THE EFFECT OF GRID ELECTRODE STRUCTURE AND SURFACE AREA OF ELECTRODE ON PERFORMANCE OF ALKALINE WATER ELECTROLYSIS

Abstract

The electrolysis cell is constructed to study I-V characteristic of electrodes with electrolyte (1M NaOH). In addition, current verses input power (Pin) and resistance verses voltage curve of the cell is also study, at difference fixed grid voltage. The I-V Characteristic of electrodes show reaction is not started (that is not current observed) at low applied voltage but with increasing the voltage reaction started linearly for both small and large grid window size. The input power for both small and large grid window increase linearly.
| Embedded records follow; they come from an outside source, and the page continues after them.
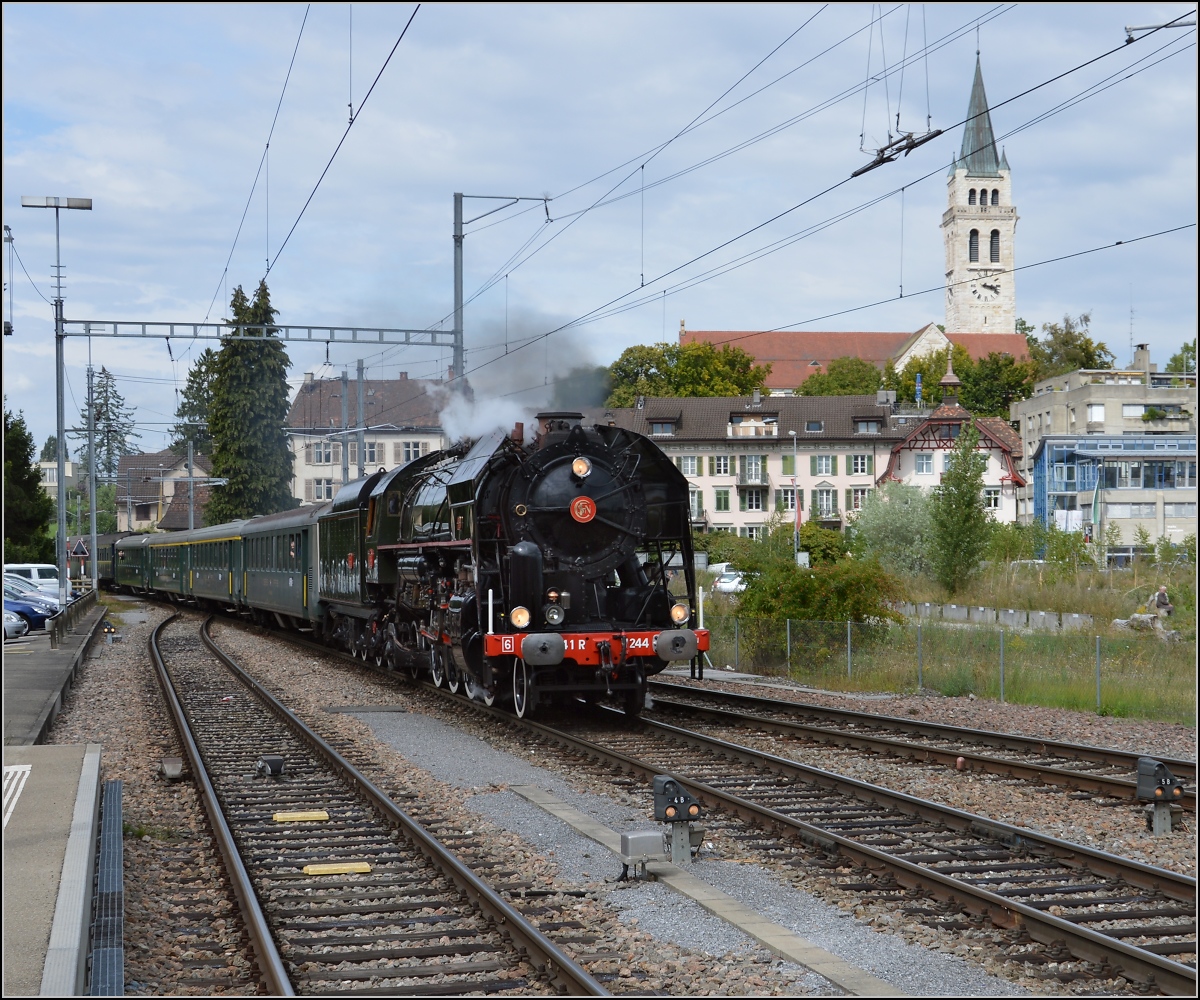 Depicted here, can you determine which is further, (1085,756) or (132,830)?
(1085,756)

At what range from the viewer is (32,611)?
35312 millimetres

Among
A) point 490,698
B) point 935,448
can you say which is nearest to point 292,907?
point 490,698

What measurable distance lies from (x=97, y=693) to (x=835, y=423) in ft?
214

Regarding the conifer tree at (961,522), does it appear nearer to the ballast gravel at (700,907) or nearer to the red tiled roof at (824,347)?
the ballast gravel at (700,907)

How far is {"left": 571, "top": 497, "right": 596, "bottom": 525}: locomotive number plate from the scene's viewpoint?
49.0 ft

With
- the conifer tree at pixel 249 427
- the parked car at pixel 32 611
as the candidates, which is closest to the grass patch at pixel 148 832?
the parked car at pixel 32 611

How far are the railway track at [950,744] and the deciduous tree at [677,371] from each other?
73452 mm

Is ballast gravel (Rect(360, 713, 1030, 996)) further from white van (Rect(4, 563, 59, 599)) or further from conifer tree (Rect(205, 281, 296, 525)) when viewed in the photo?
conifer tree (Rect(205, 281, 296, 525))

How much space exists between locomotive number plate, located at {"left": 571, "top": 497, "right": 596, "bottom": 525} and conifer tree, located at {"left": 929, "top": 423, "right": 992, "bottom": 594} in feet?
84.2

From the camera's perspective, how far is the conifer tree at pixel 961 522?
38.4m

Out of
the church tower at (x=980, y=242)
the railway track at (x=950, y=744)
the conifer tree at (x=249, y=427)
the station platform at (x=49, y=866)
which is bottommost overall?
the railway track at (x=950, y=744)

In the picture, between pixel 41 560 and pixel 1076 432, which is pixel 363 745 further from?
pixel 1076 432

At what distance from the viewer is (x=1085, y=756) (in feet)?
41.8

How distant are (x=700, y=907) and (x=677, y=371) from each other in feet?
281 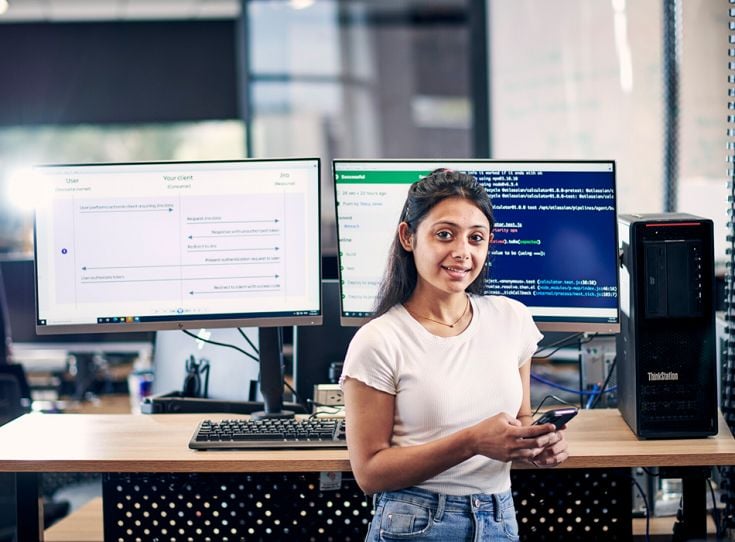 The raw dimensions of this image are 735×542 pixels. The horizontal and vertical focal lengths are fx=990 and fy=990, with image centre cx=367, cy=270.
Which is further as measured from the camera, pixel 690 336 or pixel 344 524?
pixel 344 524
The resistance of cell goes decrease with grid voltage increase, decrease with increase grid voltage and become constant with increase grid voltage for anode, cathode and grid electrodes respectively for both windows. Moreover the excremental observed value for hydrogen production is higher than theoretical value, which is an error but minimum for both windows. The efficiency of hydrogen with the help of current and voltage at different electrodes are about 68%. This may be due to the concentration of electrolyte, nature of electrode materials and system constructed. With increase the surface area of grid electrode then increase the hydrogen production rate. This is because large surface area goes to contact with large number of electrolyte molecules and the production of hydrogen depend up on this contact i.e. larger surface area has large number of reaction. Therefore the productions of hydrogen gas depend upon the surface area of grid. Grid voltage increases and cathode current Ic is also increases with input power pin. Thus, in general one can say with increasing the grid voltage cell resistance decrease. The resistance of cell decrease sharply in between 0.5V to 1.0V with grid voltage while seen almost constant beyond 3.5V.